Historically, U.S. capital markets have been successful because of the transparency, accountability, and oversight required by regulations. Investors both here and abroad have confidence in the investments they make because they know companies are required to be transparent and the Securities and Exchange Commission (SEC) is obligated to perform oversight. However, large companies are now using exemptions designed for small businesses. This has resulted in an expansion of the private securities market, which is riskier than the public securities market because there are fewer and, in some cases, no disclosures required. H.R. 2799 would exacerbate these problems by allowing large companies to evade disclosure requirements and SEC oversight. The bill also reduces incentives for companies to go public through an initial public offering (IPO) which will deprive investors, including working families and retirees, of transparent investment opportunities.
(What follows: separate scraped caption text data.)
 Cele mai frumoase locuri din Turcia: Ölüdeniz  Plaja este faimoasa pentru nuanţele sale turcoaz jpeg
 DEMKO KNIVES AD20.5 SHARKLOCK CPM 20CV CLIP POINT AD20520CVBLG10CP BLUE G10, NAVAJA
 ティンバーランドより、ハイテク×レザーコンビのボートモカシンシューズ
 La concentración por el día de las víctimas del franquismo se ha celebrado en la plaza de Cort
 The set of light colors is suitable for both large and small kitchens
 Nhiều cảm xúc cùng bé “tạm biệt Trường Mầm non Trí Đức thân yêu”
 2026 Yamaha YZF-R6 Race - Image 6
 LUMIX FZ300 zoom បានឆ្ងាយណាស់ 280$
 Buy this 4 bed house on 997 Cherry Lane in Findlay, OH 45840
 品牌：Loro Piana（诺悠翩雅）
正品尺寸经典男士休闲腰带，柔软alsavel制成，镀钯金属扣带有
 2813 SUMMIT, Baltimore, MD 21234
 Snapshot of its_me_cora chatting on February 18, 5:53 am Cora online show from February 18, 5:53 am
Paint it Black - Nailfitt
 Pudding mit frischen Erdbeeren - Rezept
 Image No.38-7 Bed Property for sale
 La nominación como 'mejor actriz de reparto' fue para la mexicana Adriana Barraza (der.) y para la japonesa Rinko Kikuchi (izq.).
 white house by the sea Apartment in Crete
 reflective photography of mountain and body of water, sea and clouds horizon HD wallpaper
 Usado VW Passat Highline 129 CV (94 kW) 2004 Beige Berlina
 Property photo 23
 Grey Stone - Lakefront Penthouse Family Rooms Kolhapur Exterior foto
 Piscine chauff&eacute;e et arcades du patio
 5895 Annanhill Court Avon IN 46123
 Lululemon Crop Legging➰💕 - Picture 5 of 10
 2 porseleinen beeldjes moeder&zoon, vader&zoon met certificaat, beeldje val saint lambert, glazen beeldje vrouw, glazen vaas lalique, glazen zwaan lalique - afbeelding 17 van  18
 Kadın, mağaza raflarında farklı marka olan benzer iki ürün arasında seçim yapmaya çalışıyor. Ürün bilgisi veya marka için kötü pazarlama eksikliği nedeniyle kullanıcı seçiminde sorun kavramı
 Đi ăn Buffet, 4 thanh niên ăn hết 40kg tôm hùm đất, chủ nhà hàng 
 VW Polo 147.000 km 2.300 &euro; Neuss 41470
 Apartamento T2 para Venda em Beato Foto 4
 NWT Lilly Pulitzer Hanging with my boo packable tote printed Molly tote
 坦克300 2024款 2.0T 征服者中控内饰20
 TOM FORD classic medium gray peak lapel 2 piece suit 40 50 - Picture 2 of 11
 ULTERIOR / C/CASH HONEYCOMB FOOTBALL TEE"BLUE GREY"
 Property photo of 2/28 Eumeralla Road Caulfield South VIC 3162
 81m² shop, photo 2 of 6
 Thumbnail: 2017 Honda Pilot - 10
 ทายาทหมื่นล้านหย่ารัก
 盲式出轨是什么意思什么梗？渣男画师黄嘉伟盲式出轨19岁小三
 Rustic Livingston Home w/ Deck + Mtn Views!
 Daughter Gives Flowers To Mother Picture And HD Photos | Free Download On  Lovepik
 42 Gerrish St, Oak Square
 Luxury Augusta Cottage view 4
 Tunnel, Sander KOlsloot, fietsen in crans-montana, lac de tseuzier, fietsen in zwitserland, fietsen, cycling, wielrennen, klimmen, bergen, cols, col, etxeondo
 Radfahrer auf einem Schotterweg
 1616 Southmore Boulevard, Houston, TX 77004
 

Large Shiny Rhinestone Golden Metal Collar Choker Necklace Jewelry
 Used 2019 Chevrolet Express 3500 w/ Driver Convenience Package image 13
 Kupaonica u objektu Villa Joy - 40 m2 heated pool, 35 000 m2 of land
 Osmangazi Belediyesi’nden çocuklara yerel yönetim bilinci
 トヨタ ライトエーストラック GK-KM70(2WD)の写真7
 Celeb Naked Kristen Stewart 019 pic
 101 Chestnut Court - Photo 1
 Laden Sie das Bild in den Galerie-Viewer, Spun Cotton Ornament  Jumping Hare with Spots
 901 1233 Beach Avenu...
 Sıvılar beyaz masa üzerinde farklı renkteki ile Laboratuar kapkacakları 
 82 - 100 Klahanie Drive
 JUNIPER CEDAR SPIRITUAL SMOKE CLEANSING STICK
Everyday Americans invest their hard-earned money to save for their education, travel, buying a home, and retirement. H.R. 2799 threatens the existing regulations that protect everyday Americans from risky investments that would put their livelihoods in jeopardy. Under current regulation, financial professionals or companies are required to only sell private securities to investors who have access to reliable information, have a demonstrated ability to understand the risks, and have the financial wherewithal to absorb potentially severe investment losses. H.R. 2799 removes these safeguards, allowing financial middlemen to peddle risky private securities to unsuspecting, hard- working Americans. H.R. 2799 sets everyday American investors up to fail.

H.R. 2799 also includes anti-worker provisions that will harm gig- workers like rideshare drivers, food delivery providers, and on-demand caregivers. The State of Minnesota has been working hard to prevent the misclassification of gig-workers workers as independent contractors and provide stronger protections for these workers. H.R. 2799 would preempt these efforts in Minnesota and around the country by prohibiting the classification of gig-workers as employees. This provision would cut off gig-workers' access to essential state-based rights and benefits like a minimum wage, unemployment insurance, overtime pay, health benefits, and workers compensation.

Mr. Chair, H.R. 2799 eliminates crucial investor protections which would expose the investments of American families and seniors to financial fraud. I urge my colleagues to oppose the bill.